De caravanas, caminos de hierro y luchas
Hablar de Jaén hoy es hablar de frustración y aislamiento. ¿Cómo recuperar la autoestima y promover el despegue de nuestra tierra? No faltan motivos para la ilusión: la riqueza de sus parques naturales, el bosque olivarero, las ciudades... la cruda realidad son el paro, la estacionalidad, el placebo subsidiado y ser el furgón de cola de España.
Su nombre al parecer significa “lugar de paso de caravanas”; la pujante cultura ibérica se evidencia en notables asentamientos, dos calzadas romanas la cruzaban. El paso de la meseta al Guadalquivir siempre fue por Despeñaperros; por la posesión de ese eje vertical se libraron dos batallas, las Navas de Tolosa en 1212 y Bailén en 1808. Los viejos caminos, veredas y mestas se completan el XIX con el ferrocarril que pasado el río, el Marqués de Casa Loring, por acortar la ruta del Rey Santo, o visitar en el Rincón de San Ildefonso a un amigo, plantó sus traviesas en las vegas, olvidando las ciudades; el ramal a Granada y Almería fue por la zona más despoblada. A finales de siglo, impulsado por la burguesía del aceite, enriquecida por las desamortizaciones, se construyó el tren de Linares a Puente Genil que tropezó en su camino con la capital. La de Almería agoniza y el tren del aceite, cerró hace años, hoy es vía verde y a Jaén le pusieron un tranvía a ninguna parte, “sic transit gloriae mundi”; quede como moraleja que la vieja calzada romana que unía la Bética con Cartagonova, tiene mejor pavimento que cualquiera de nuestras carreteras.

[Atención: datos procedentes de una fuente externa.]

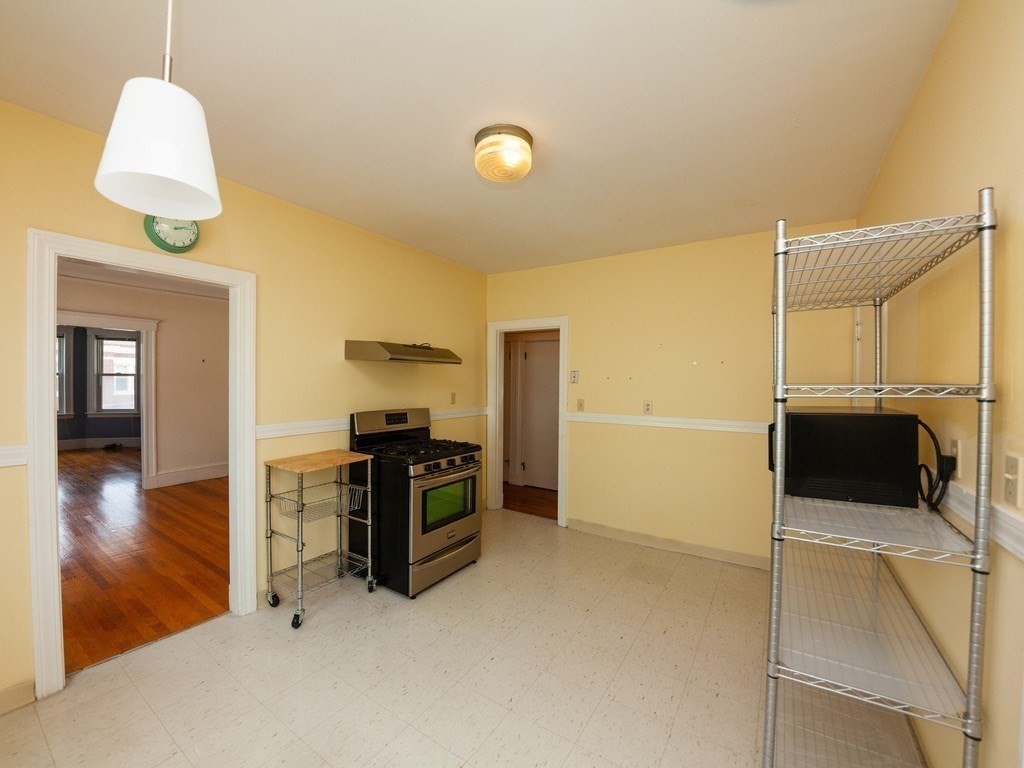 27 Ransom Road Boston, MA 02135 - Photo 12 of 38 Gallery Image 12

Un día políticos sevillanos decidieron cambiar la historia y acceder a la meseta por Brazatortas; el ferrocarril en Jaén se desmorona, muere Espeluy —¿qué diría hoy Prado y Palacio?— y entramos en la etapa de las buenas intenciones; desde entonces no se ha abierto ni un kilómetro de vía y la mejora a Madrid va por Grañena. Que nadie se sienta especialmente culpable, son muchos los gobiernos en Madrid y en Sevilla, lo somos todos por acción u omisión.
Se nos debía haber compensado en carreteras; pues no. La peor de las radiales y la menos conservada es la A-4 a su paso por la provincia; la A- 44 se hizo tarde y mal y fue abandonada a su suerte, mejora al pasar Noalejo. Desde la caída del imperio romano de occidente, la conexión con levante dejó de estar operativa; el último buen pretexto fue la crisis, que en Jaén vino para quedarse. La Autovía del Olivar, tras muchas fatigas, ha proporcionado a la Junta días de gloria con la llegada a Úbeda; hasta Martos está hecha unos zorros, Alcaudete y Alcalá siguen irredentos. Quedan endemias históricas: N-432 a su paso por aquí, cenicienta de alto riesgo entre periferias, inadmisible de Madrid “parriba”. Si iniciaran la Torredonjimeno-El Carpio, nuestros próceres perderían la recurrencia en su deporte favorito, el “y tú más”.
No hallo motivos para ser optimista, es la cruda realidad. Jaén no quiere anuncios, ni planes ni proyectos, quiere realidades en el BOE o el BOJA; que acaben las milongas y nos pongan en el mapa de la alta velocidad o acaben lo iniciado o prometido. Causa de estos males es una clase política, de todos los partidos que no hacen más que discutir quién tiene la paja y quién la viga; pierden la fuerza por la boca y prefieren obedecer a sus jefes de filas de Sevilla o Madrid antes que incomodarlos pidiendo lo que otros tienen. Sería injusto si no constatara una excepción honrosa aunque insuficiente: si transitan aquí por una vía más o menos pavimentado, si ven una carretera en obras, pueden estar seguros que es competencia de la Diputación y, si me apuran, tiene un nombre, José Castro, rara avis política ¡hace mucho y habla poco! Los males son los del XIX: decisiones de complacencia y un granero de votos dóciles con votantes desmemoriados, caciquismo clientelar y adhesiones inquebrantables. Dicen que a Jaén se llega llorando y se sale llorando, no es para menos, con lo que hay que sufrir en el camino; desaparecidos los viajeros románticos sin prisas hacia Granada, el turismo low cost viene apresurado de allí o de Córdoba, para volver pronto. En Jaén deberíamos también llorar como Boabdil, por perder lo que tuvimos.